Extracted data entries
=-=-=

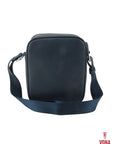 byblos  -  Borsello uomo byblos in eco pelle effetto saffiano
Modello con tracolla regolabile
Chiusura con zip
Tasca sulla parte anteriore con chiusura con zip  -  BYBU02A23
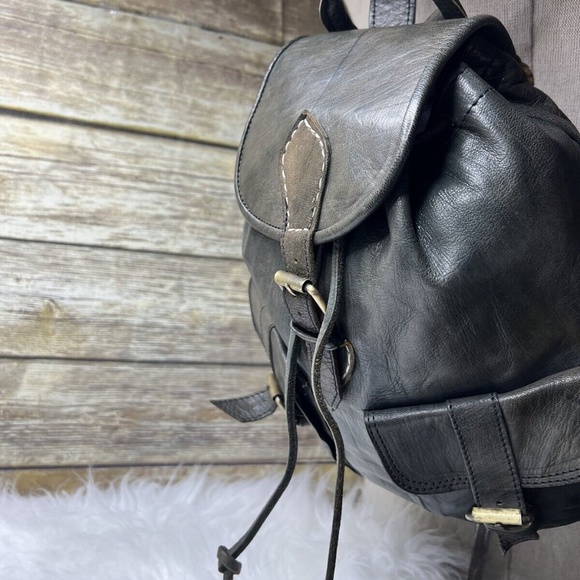 Vntg Artisan Gray Genuine Leather Drawstring Small Backpack - Picture 11 of 12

=-=-=

What needs to be done.
Take the line that holds "Modello con tracolla regolabile" as the start and the last line of the data as the end. Copy only those lines exactly, both ends included, except the pictures.

Result.
Modello con tracolla regolabile
Chiusura con zip
Tasca sulla parte anteriore con chiusura con zip  -  BYBU02A23
 Vntg Artisan Gray Genuine Leather Drawstring Small Backpack - Picture 11 of 12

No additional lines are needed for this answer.